First, knowing when to file your return is extremely important. For the average ex-patriot or American living overseas for a long period, April 15th remains the deadline for paying any taxes due. If you're expecting a refund, or you don't mind paying additional interest, the IRS grants overseas citizens until June 15th file their return, effectively a two month extension.
If you need a further extension, you may request one that could push the deadline back until October 15th. Interest as well as penalty charges normally apply, but exceptions are sometimes granted under law, particularly for military men and women who are serving in combat zones.
Tax payments and returns should still be mailed to IRS centers located in the US. It's worth noting that there are IRS outposts in places like Germany, Britain, and China, but these exist primarily to help overseas citizens answer questions, rather than collect their returns. Play it safe by filing electronically or by sending paper forms and checks back to the homeland if you want to avoid potential mishaps.

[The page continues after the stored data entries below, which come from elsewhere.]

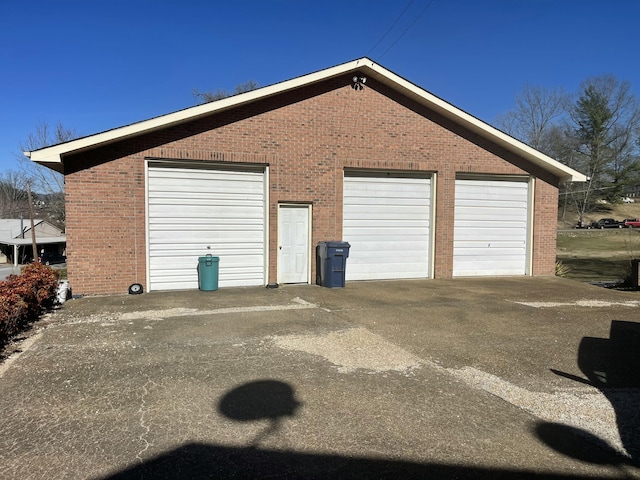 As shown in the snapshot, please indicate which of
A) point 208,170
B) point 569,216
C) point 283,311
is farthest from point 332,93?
point 569,216

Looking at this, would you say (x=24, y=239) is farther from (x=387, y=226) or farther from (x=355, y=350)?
(x=355, y=350)

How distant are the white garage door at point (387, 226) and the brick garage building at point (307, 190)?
0.03 meters

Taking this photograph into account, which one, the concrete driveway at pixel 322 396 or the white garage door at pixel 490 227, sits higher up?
the white garage door at pixel 490 227

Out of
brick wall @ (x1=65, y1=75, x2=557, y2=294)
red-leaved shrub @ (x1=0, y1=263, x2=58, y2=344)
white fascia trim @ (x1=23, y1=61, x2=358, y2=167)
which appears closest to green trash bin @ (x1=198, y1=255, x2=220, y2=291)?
brick wall @ (x1=65, y1=75, x2=557, y2=294)

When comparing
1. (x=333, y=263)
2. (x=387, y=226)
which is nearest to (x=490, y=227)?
(x=387, y=226)

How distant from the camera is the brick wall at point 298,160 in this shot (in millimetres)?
10297

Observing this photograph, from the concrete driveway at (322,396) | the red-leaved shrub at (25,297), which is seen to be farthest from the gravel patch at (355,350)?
the red-leaved shrub at (25,297)

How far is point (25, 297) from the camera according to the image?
24.7 ft

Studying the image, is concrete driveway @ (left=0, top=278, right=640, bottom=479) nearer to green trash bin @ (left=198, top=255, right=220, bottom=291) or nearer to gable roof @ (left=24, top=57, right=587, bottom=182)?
green trash bin @ (left=198, top=255, right=220, bottom=291)

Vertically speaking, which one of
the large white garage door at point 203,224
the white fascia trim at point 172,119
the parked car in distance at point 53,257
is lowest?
the parked car in distance at point 53,257

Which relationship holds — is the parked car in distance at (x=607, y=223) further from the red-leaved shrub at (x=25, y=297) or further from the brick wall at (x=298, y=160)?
the red-leaved shrub at (x=25, y=297)

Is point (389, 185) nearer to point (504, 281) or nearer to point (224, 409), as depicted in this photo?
point (504, 281)

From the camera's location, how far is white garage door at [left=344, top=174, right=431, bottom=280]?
12.7 meters

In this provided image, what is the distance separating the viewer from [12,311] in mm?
6637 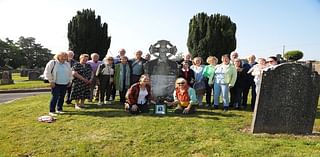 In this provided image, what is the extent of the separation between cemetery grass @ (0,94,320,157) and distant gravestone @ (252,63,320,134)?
35 centimetres

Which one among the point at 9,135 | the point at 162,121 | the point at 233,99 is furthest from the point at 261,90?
the point at 9,135

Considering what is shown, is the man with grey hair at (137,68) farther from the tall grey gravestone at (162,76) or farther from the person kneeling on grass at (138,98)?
the person kneeling on grass at (138,98)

Many Americans who live abroad end up working for some amount of pay in a currency different from the US dollar. Whether you're earning Euros or Japanese Yen, it's your responsibility to translate your earnings back into dollars. Luckily, the IRS suggests that you use the annual average of the foreign currency's exchange rate with the dollar, providing some protection from volatility in world currency markets.
Dealing with foreign earnings carries additional hassles that many citizens don't deal with, but there are some benefits, too. Be sure to take advantage of the generous allowances given by the IRS for reimbursement of moving expenses. Certain kinds of foreign housing costs also qualify for deductions, particularly if you're responsible for your living needs, rather than an employer.
Avoid allowing yourself to be double taxed by multiple countries. If taxes are automatically paid by you, or extracted from your pay check by a foreign government, then you likely qualify for a foreign tax credit on your US return. Depending upon the severity of the foreign taxes, this can significantly reduce any income tax bill owed to the IRS, or increase the size of your refund. Be careful about claiming the full foreign tax credit and allowances for housing, since they all contribute to the same allowable total deduction, from the IRS' perspective.
Filing your income tax return from overseas isn't terribly difficult if you consider these guidelines. Use them to your advantage and keep your tax record clean as you earn and live abroad.